Might the internet play a constructive role here in changing the diplomatic end game by raising the heat on Iranian authorities? Imagine, it was years before Solzhenitsin could get The Gulag Archipelago published in the West, much less in the Soviet Union. Now, despite all the Iranians’ best efforts at a low key and hack job political trial, anyone with Google can learn the inner workings of Saberi’s detention and moreover Iran’s infamous Evin political prison where she’s being held.

While — as AbuAardvark and NetEffect’s Evgeny Morozov have been right to point out — the internet is not radically democraticizing the world, it does raise the embarassment and diplomatic costs of political prisoners.
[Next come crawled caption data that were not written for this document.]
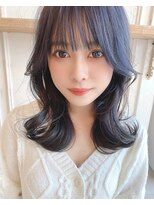 韓国風ヘアスタイル（ピンクベージュボブルフ）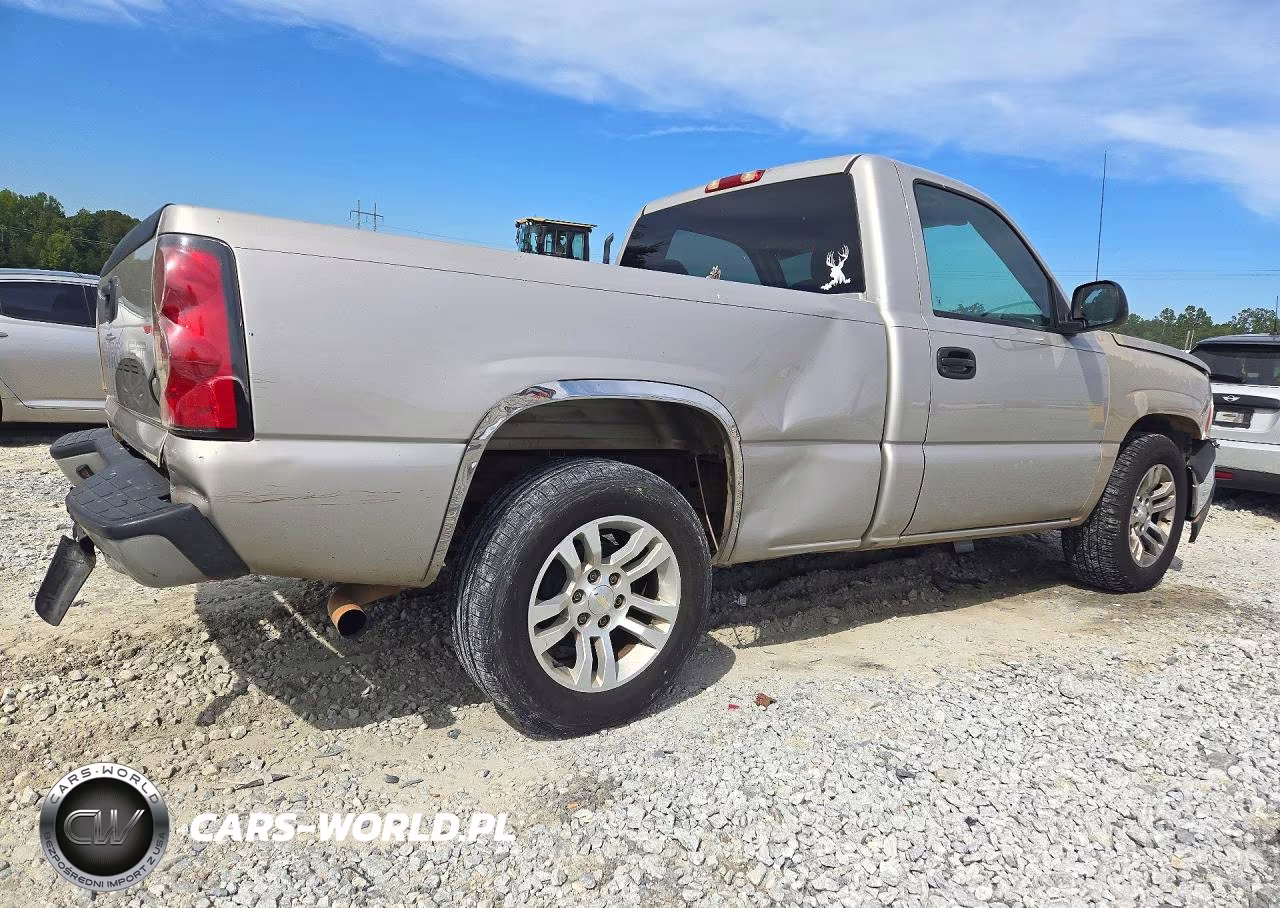 2007 Chevrolet Silverado C1500 Classic VIN:3GCEC14X67G213972 - 3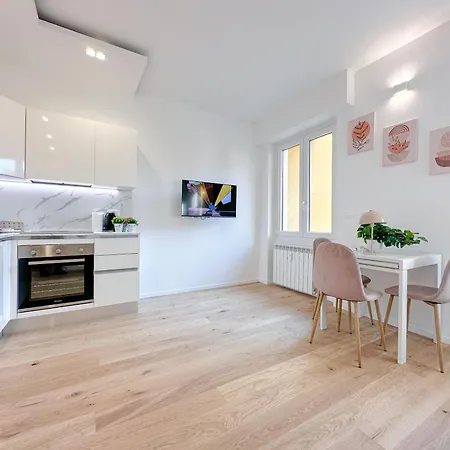Apartament Gioia 67 - 5 Min Dalla Stazione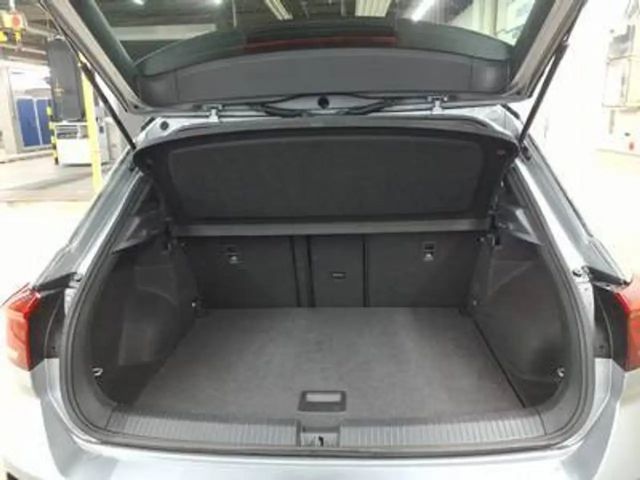 Volkswagen T-Roc 1.5 TSI DSG R-Line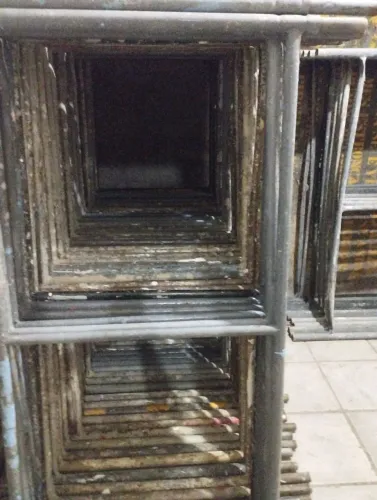 Tábuas andaimes escoras betoneiras r$5,00 barrotes e etc 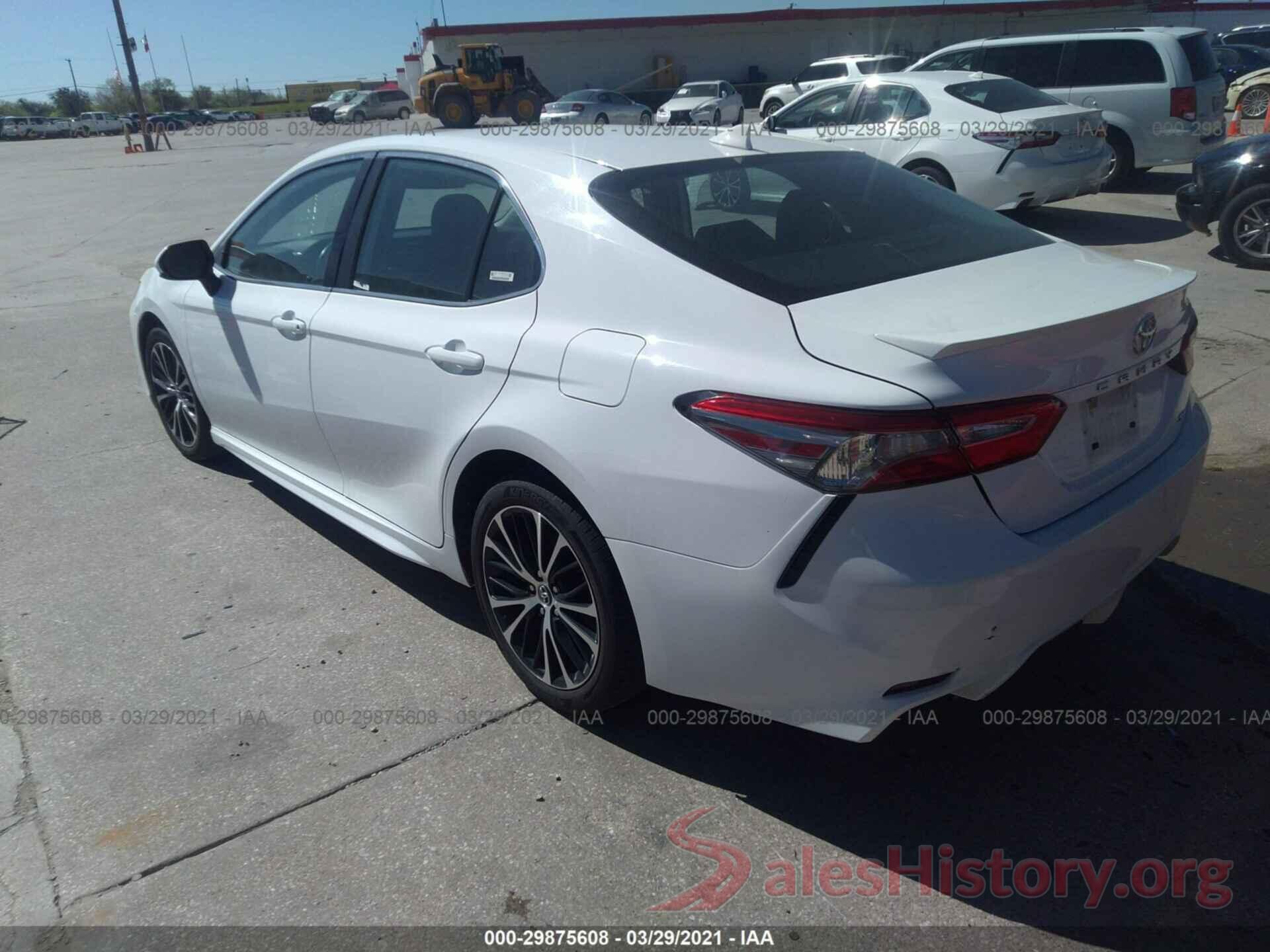 4T1B11HK8KU761318 2019 TOYOTA CAMRY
Hard to complain you’ve been shut out of the community of nations when your injustice is plainly on display. And the web is what solves this informational assymetry, even if it can’t shake kings and autocrats.

Saberi’s partner, Kurdish-Iranian filmmaker Bahman Ghobadi, has written an open letter appealing to Iranian authorities. The letter can be read in full here and is circulating on numerous media outlets and websites (BBC, Campaign for Human Rights in Iran to name a few).

Tweet it, RT it, blog, and howl. Roxana should be free.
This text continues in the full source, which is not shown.